Если инцидент с моим участием и нашел отражение в прессе, то не в этом номере, хотя на тот момент самая горячая новость, судя по остальным материалам. Но издание, похоже, цензурировалось, поэтому дабы не волновать лишний раз общественность несправедливым приговором, произошедшее в «Михалыче» не привлекло внимания журналистов. Это хорошо, а то для полной картины и счастья не хватало еще и народных мстителей из числа возмущенных граждан.
А затем уже я минут пятнадцать, не обращая ни на кого внимания, наслаждался. Мясо было таким, каким и представлялось перед походом сюда – мягким, сочным, ароматным и с кровью. Острый соус придавал пикантности, и, несмотря на то что каждая из отбивных была размерами с мою ладонь, после трапезы присутствовал легкий голод. Но салат его окончательно поборол, сок принес ощущение сытости. Поставив локти на стол, сцепив изящные пальцы в замок и оперев на большие пальцы подбородок, Герда, с каким-то умильным выражением на лице наблюдала, как я уплетал за обе щеки.
Затем, когда еще заказал себе черный кофе, а ей принесли капучино, она приступила к тому, для чего и пригласила за свой стол.

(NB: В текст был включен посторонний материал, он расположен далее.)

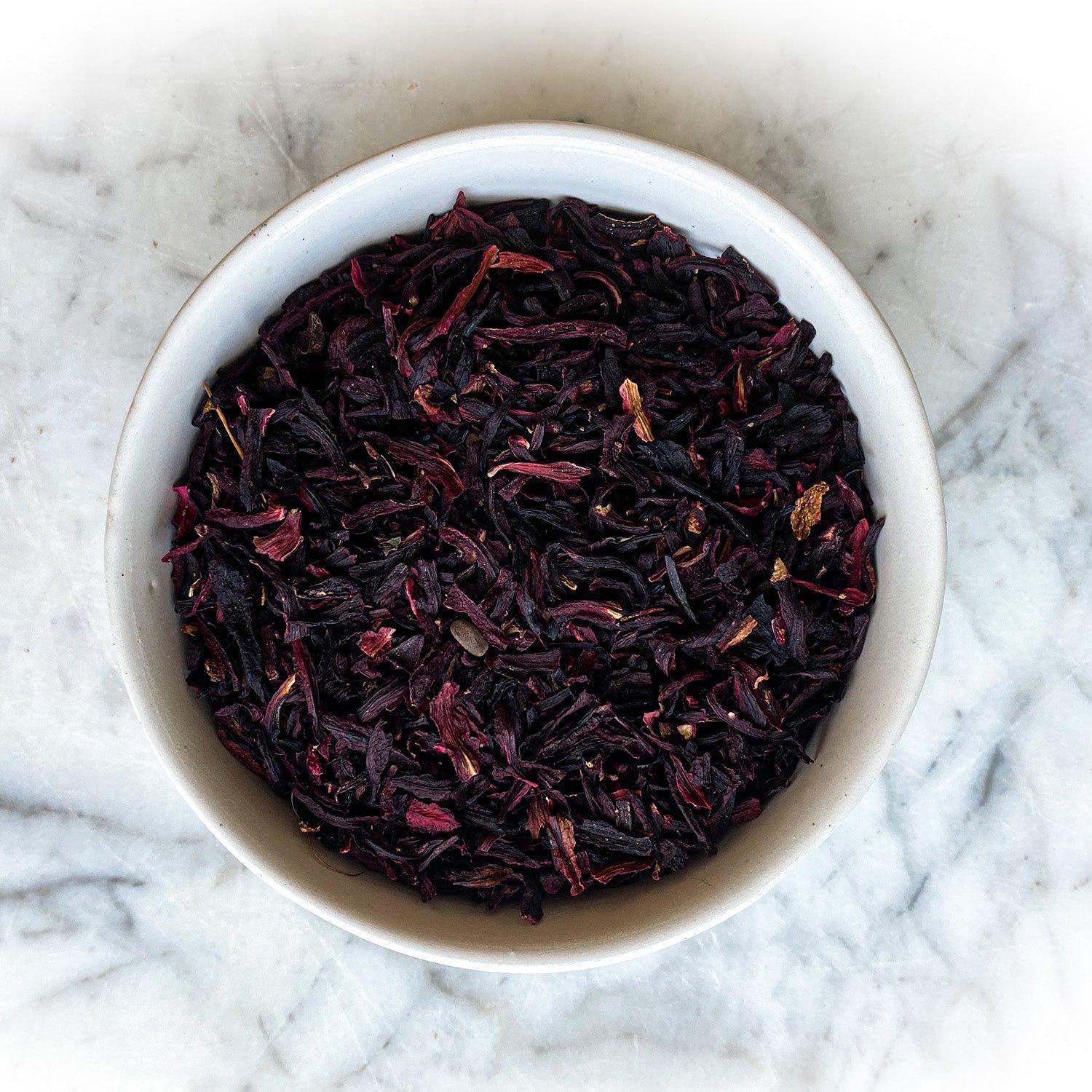 Dried hibiscus flowers in a white bowl on a white marble background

– Скажи честно, ты сколько находишься в Улье?
Я задумался. Действительно, а сколько здесь уже? Мне казалось – всю жизнь, прошлое с каждым днем отдалялось и отдалялось. Существовал только этот мир.

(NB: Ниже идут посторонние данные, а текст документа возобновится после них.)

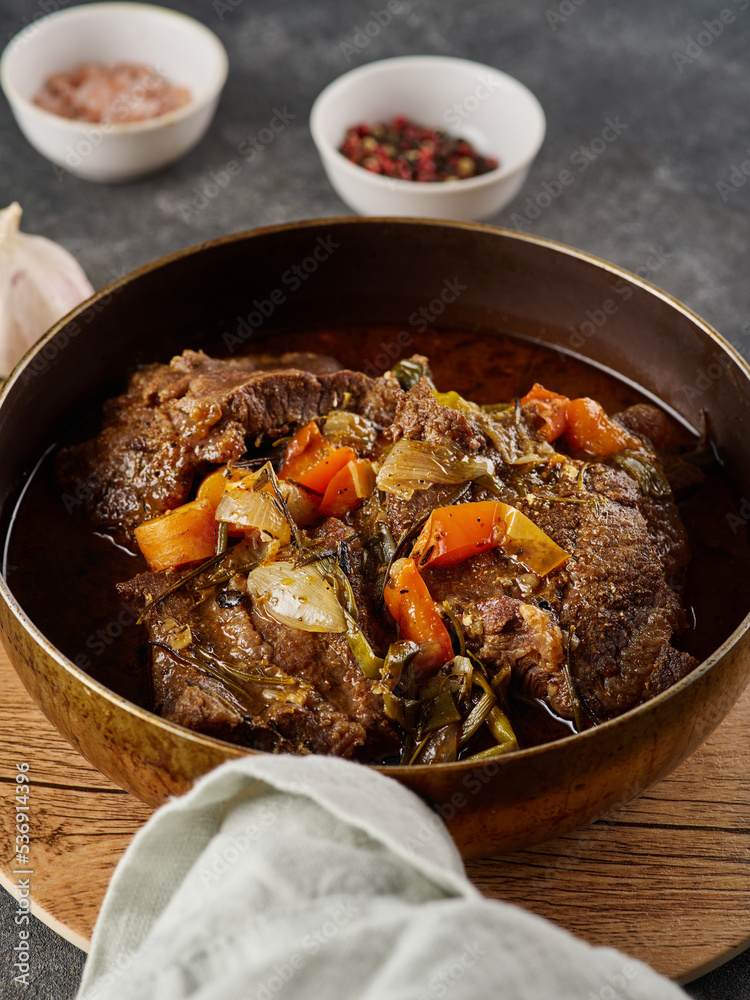 Traditional German braised beef cheeks in brown red wine sauce with herbs as closeup in skillet. - obrazy, fototapety, plakaty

– Приблизительно две недели, может, чуть меньше. Из них одну провел на больничной койке.
– А с Гычей где успел познакомиться?
– В рейде, с ними до Острога добирался, – не ожидая следующего вопроса, добавил: – Крестный – Третьяк. А что с ним не так?
– Все с ним так. Он близкий друг моего хорошего знакомого, не далее чем позавчера вечером связался и попросил за тобой присмотреть. И здесь нет ничего необычного. Все помогают друг другу. Но вот когда я увидела сопроводительные бумаги, у меня возник ряд вопросов. Мне не нравится то, чего я не понимаю. Поясню доходчивей, у нас здесь не региональный офис «Фейсбука», а каждый день под смертью ходим, и я командир, от моих действий, от принятия правильных решений зависят жизни моих людей, которых я привыкла беречь. Это понятно?
Кивнул. Затянулся во всю глубину легких, выпуская дым через ноздри. Ждал продолжения. Девушка все это время молчала, внимательно сверля меня взглядом.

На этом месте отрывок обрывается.